Skywork-R1V4
is a 30B (A3B) multimodal agent that unifies:
Multimodal task planning
Active image manipulation (“thinking with images”)
Deep multimodal search (text × image)
Interleaved tool-grounded reasoning
Skywork-R1V4 is trained
purely via supervised finetuning
on
< 30k high-quality, execution-consistent trajectories
.
At inference time, the model exhibits
emergent long-horizon reasoning
, executing
10+ tool calls
across visual operations and web search to solve complex real-world tasks.
Skywork-R1V4 achieves
state-of-the-art performance
on multimodal search benchmarks:
MMSearch: 66.1
FVQA: 67.2
Beats Gemini 2.5 Flash on all 11 comparable metrics
2. Feature
🔍
“Thinking With Images”
Skywork-R1V4 actively manipulates images through:
• Multi-stage cropping
• Local detail extraction
• Region attention
• Visual clue refinement
If you use Skywork-R1V4 in your research, please cite:
@misc{zhang2025skyworkr1v4agenticmultimodalintelligence,
title={Skywork-R1V4: Toward Agentic Multimodal Intelligence through Interleaved Thinking with Images and DeepResearch},
author={Yifan Zhang and Liang Hu and Haofeng Sun and Peiyu Wang and Yichen Wei and Shukang Yin and Jiangbo Pei and Wei Shen and Peng Xia and Yi Peng and Tianyidan Xie and Eric Li and Yang Liu and Xuchen Song and Yahui Zhou},
year={2025},
eprint={2512.02395},
archivePrefix={arXiv},
primaryClass={cs.CV},
url={https://arxiv.org/abs/2512.02395},
}
@misc{peng2025skyworkr1vpioneeringmultimodal,
title={Skywork R1V: Pioneering Multimodal Reasoning with Chain-of-Thought},
author={Yi Peng and Peiyu Wang and Xiaokun Wang and Yichen Wei and Jiangbo Pei and Weijie Qiu and Ai Jian and Yunzhuo Hao and Jiachun Pan and Tianyidan Xie and Li Ge and Rongxian Zhuang and Xuchen Song and Yang Liu and Yahui Zhou},
year={2025},
eprint={2504.05599},
archivePrefix={arXiv},
primaryClass={cs.CV},
url={https://arxiv.org/abs/2504.05599},
}
R1V4 huggingface.co is an AI model on huggingface.co that provides R1V4's model effect (), which can be used instantly with this Skywork R1V4 model. huggingface.co supports a free trial of the R1V4 model, and also provides paid use of the R1V4. Support call R1V4 model through api, including Node.js, Python, http.

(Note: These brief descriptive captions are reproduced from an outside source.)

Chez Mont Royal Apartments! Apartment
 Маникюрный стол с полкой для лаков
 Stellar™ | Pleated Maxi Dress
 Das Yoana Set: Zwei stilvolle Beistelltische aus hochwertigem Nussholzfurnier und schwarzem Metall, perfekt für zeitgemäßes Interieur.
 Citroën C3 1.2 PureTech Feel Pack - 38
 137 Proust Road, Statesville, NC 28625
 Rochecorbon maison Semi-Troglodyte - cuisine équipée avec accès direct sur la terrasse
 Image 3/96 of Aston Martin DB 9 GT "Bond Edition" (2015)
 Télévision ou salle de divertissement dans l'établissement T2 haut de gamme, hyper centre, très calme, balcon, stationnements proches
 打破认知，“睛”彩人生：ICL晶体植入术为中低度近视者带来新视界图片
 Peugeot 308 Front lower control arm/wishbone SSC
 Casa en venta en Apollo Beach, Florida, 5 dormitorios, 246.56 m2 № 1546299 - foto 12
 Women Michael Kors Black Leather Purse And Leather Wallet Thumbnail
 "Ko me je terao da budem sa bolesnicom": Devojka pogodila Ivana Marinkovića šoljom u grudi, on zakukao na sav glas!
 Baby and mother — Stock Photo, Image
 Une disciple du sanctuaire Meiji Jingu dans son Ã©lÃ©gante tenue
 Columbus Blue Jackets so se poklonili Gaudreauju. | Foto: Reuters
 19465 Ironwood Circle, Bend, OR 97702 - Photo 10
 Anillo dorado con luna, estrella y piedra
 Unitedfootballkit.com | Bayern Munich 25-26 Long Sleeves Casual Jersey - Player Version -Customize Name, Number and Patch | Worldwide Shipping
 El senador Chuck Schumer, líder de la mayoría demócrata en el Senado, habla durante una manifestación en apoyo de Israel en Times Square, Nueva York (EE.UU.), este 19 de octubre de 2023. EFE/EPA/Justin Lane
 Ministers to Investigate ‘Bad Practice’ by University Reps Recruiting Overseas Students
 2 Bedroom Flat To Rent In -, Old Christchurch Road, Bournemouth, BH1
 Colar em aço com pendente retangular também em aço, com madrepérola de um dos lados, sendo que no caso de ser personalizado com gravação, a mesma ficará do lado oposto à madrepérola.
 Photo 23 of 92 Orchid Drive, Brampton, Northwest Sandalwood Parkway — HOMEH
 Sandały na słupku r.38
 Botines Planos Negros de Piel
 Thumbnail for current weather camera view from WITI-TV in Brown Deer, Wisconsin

R1V4 huggingface.co is an online trial and call api platform, which integrates R1V4's modeling effects, including api services, and provides a free online trial of R1V4, you can try R1V4 online for free by clicking the link below.
R1V4 is an open source model from GitHub that offers a free installation service, and any user can find R1V4 on GitHub to install. At the same time, huggingface.co provides the effect of R1V4 install, users can directly use R1V4 installed effect in huggingface.co for debugging and trial. It also supports api for free installation.